On Tue, Nov 01, 2005 at 08:42:38PM -0500, Art Alexion said:




Stephen Gran wrote:





On Tue, Nov 01, 2005 at 06:11:09PM -0500, Art Alexion said:





By default, my distro tries to run an ntp update script before it
initializes ppp.  The documentation on the distro web site shows you how
to disable the ntp init script, but I don't want to do that.  I want to
edit the startup so that it runs _after_ ppp is initialized.

I installed the webmin init module, but need to read about the runlevel
and 'start at' and 'stop at' settings before I make any changes. Google
hasn't helped me find documentation.

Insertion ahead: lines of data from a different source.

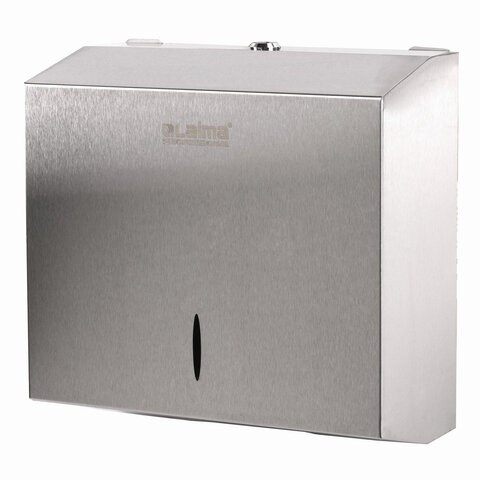 Диспенсер для полотенец LAIMA PROFESSIONAL INOX, (Система H3) V-сложения, нержавеющая сталь, матовый, 605696 605696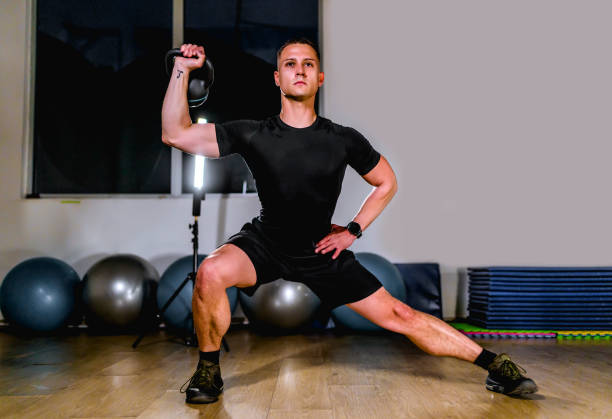 istock Sporty man exercising 1313536459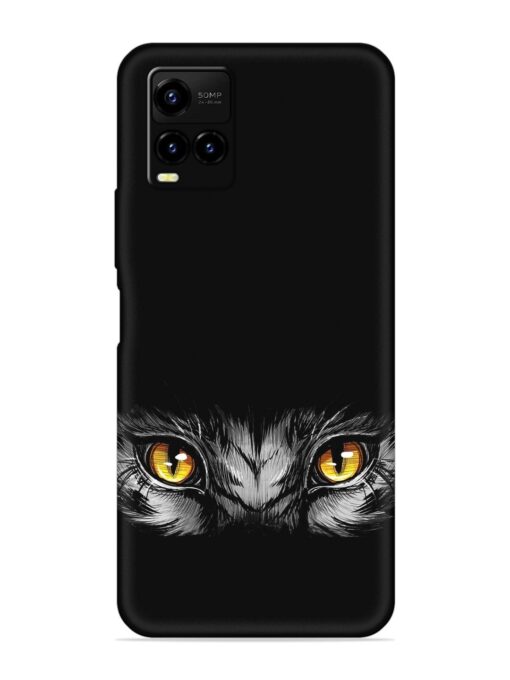 Scary Eye Embossed Soft Silicone Case for Vivo Y21A Zapvi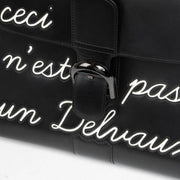 Authentic pre-loved Delvaux Black Box Calf Brillant L'Humour MM Bag on Labellov.com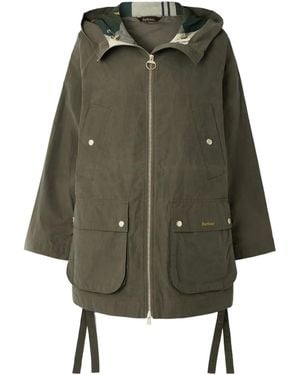 Barbour Middlemarch Hooded Cotton-Blend Parka - Green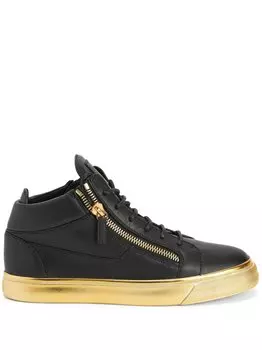 Giuseppe Zanotti кеды Kriss с подошвой металлик, черный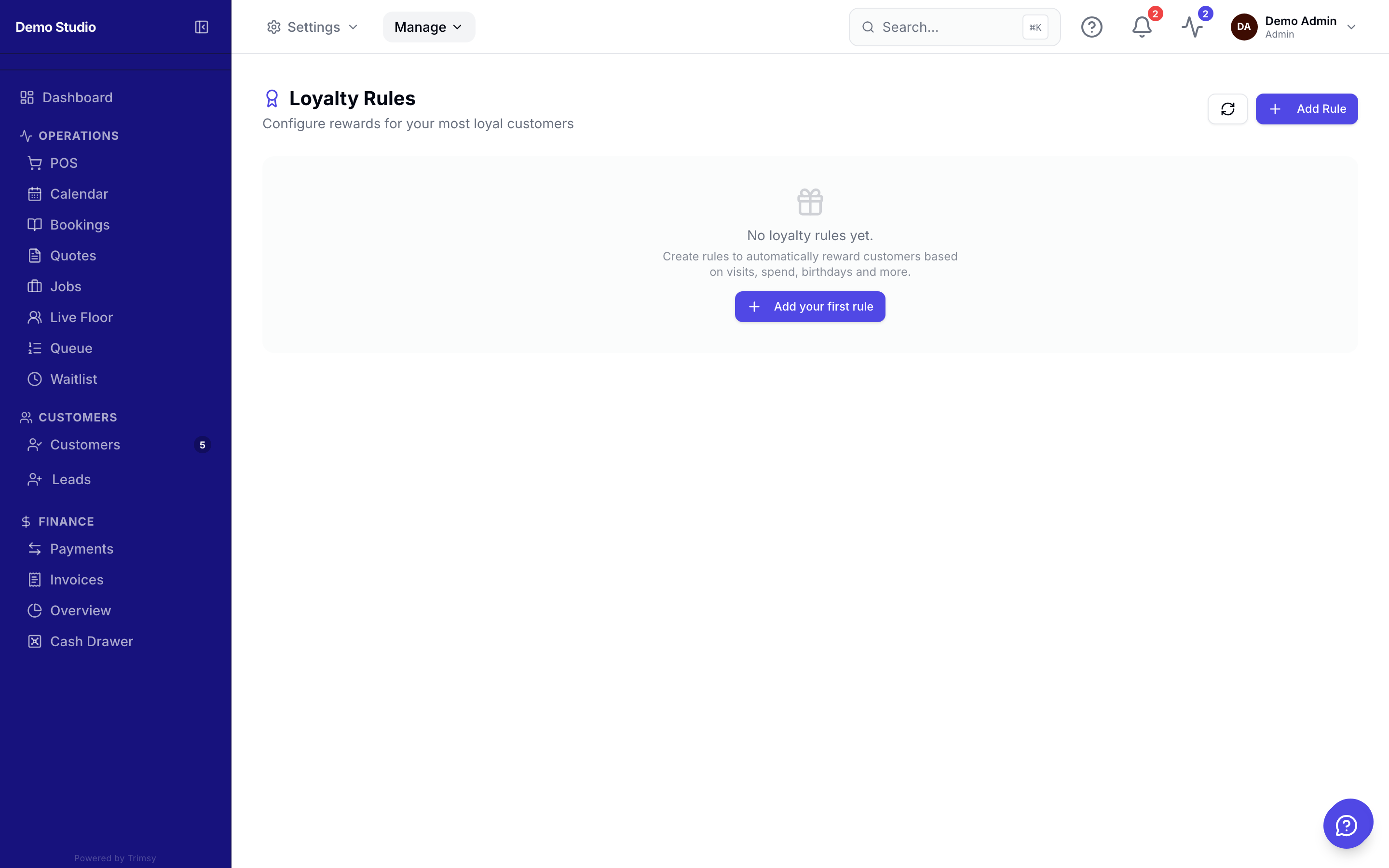 Running a loyalty program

Can anyone recommend a place?




The way it works, roughly (and totally solution dependant, but most
linux distros do it this way these days) is that the kernel boots, and
at some point hands thing off to init.  init runs all of the scripts
that start with S in the rcS.d directory, and then switches to the
'default' run level - what that default is is completely distribution
dependant, although I think Redhat-alikes all use 5.

Then init runs all scripts in rc5.d directory that begin with an S with
the start argument (and really, it should also run all scripts that begin
with a K with the stop argument, but many don't).  The only real things
to know about the hacked SysV init that most linux distros use is that

a) scripts whose names start with S should get run with the start
argument
b) scripts whose names start with K should get run with the stop
argument c) All scripts in a directory are run in numerical order
d) At boot, S is first, then default run level.

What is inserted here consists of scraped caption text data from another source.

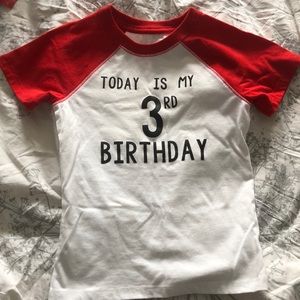 3rd birthday T-shirt 3T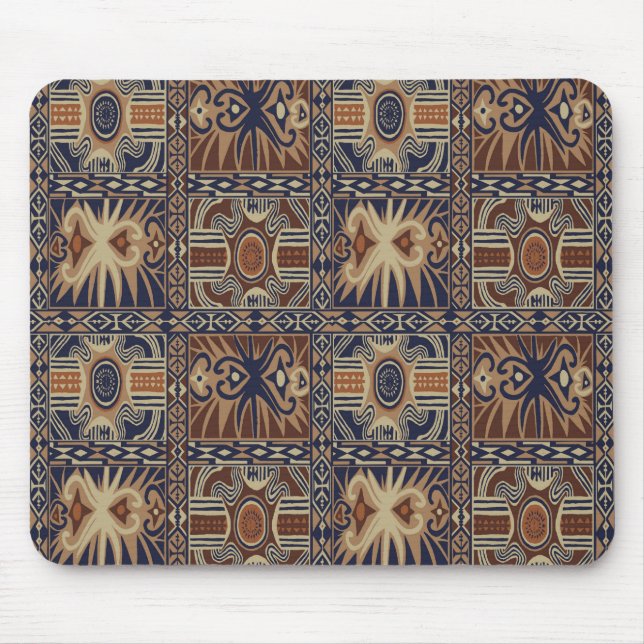 African Tribal Contemporary Collage Mouse Mat (Front)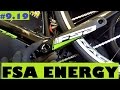 FSA Energy MegaExo crankset removal. installation. Shimano Hollowtech type.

That's the basics for managing it.





That is what is complicated.  The ntpdate script in in rcS.d and the ppp
script is in rc2d through rc5.d.  I fear putting ppp in rcS.d is a bit
too radical and may lead to unintended consequences.

BTW, I am running Kubuntu 5.04 (hoary) which is Debian based. The only
documentation it points to is chapter 9 of the Debian Policy Manual.




Ah, I see the problem.  You are using pppoe or something, and pppd
starts too late for ntpdate, so boot up takes forever.

So, the simple answer is mv /etc/rcS.d/S51ntpdate /etc/rc2.d/S51ntpdate




OK.  Worked.  First I did

cp /etc/rcS.d/S51ntpdate /etc/rcS.d/_S51ntpdate

then

mv /etc/rcS.d/S51ntpdate /etc/rc2.d/S51ntpdate

as I read that init will only execute scripts that start with S or K, and this would make it easier to restore the system if what I did caused problems.

After the changes I rebooted and it worked fine.  Thanks for all of your help.